● **Required work**
Give the listing again exactly, skipping any pictures it holds.
╭──
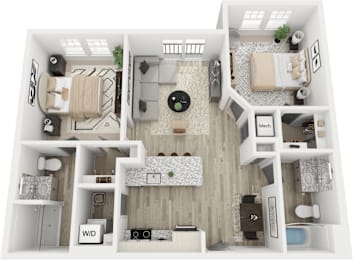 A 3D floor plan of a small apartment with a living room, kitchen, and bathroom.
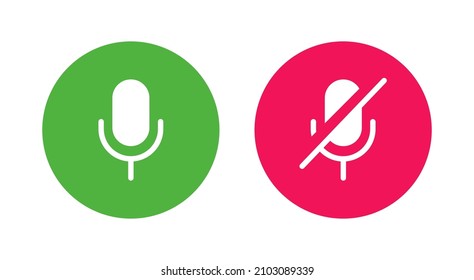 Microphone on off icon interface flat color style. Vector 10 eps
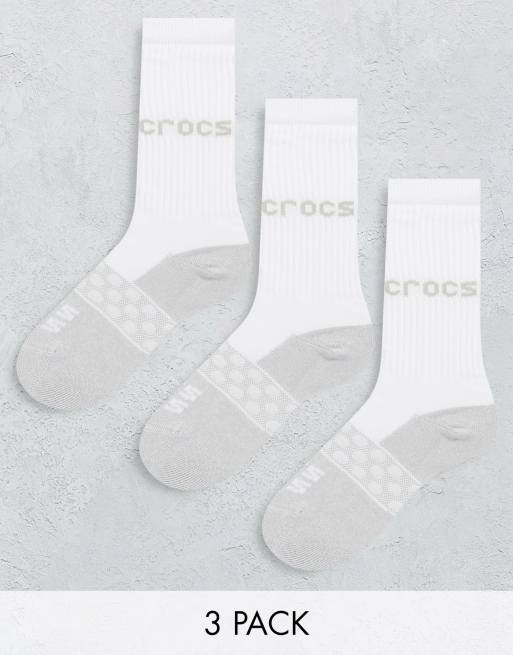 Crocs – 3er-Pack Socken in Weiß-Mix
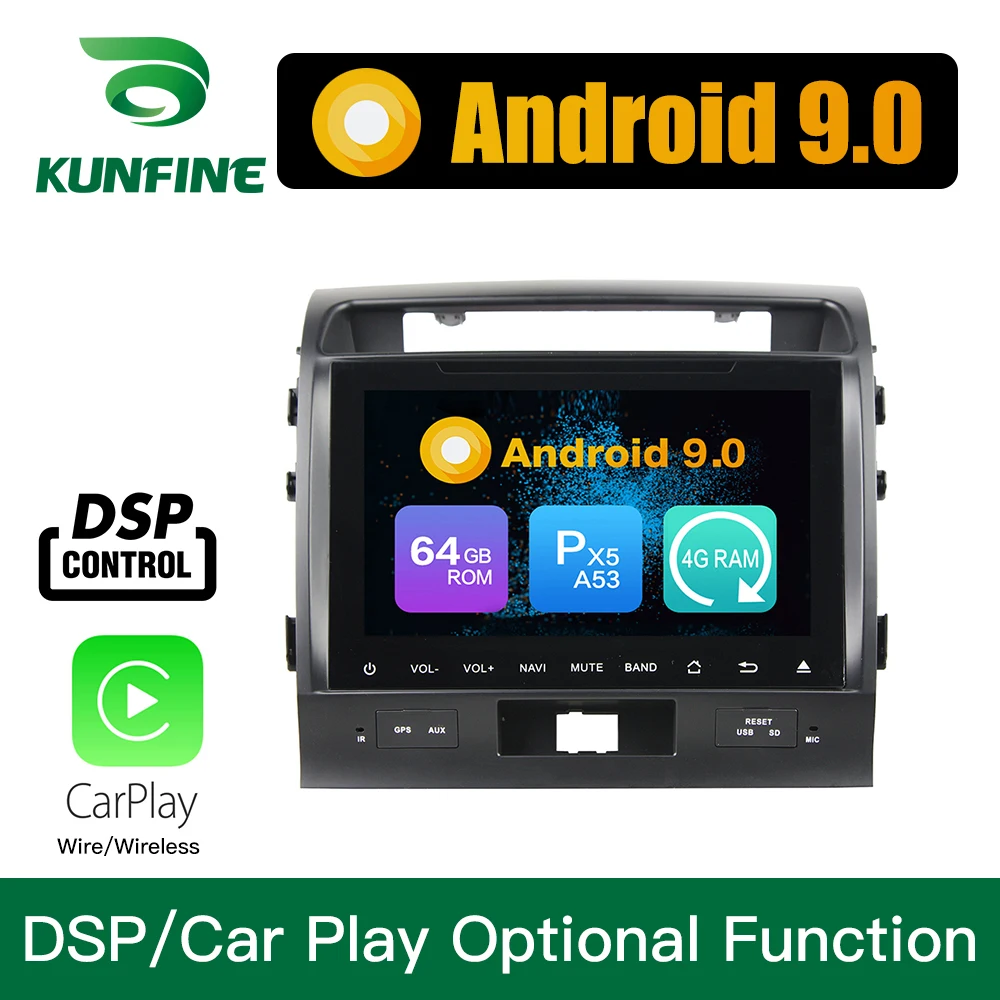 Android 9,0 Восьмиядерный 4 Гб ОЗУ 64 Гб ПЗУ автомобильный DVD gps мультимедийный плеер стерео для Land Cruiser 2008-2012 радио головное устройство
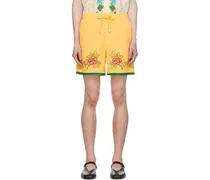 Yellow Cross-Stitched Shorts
╰──
● **Task result**
 A 3D floor plan of a small apartment with a living room, kitchen, and bathroom.
 Microphone on off icon interface flat color style. Vector 10 eps
 Crocs – 3er-Pack Socken in Weiß-Mix
 Android 9,0 Восьмиядерный 4 Гб ОЗУ 64 Гб ПЗУ автомобильный DVD gps мультимедийный плеер стерео для Land Cruiser 2008-2012 радио головное устройство
 Yellow Cross-Stitched Shorts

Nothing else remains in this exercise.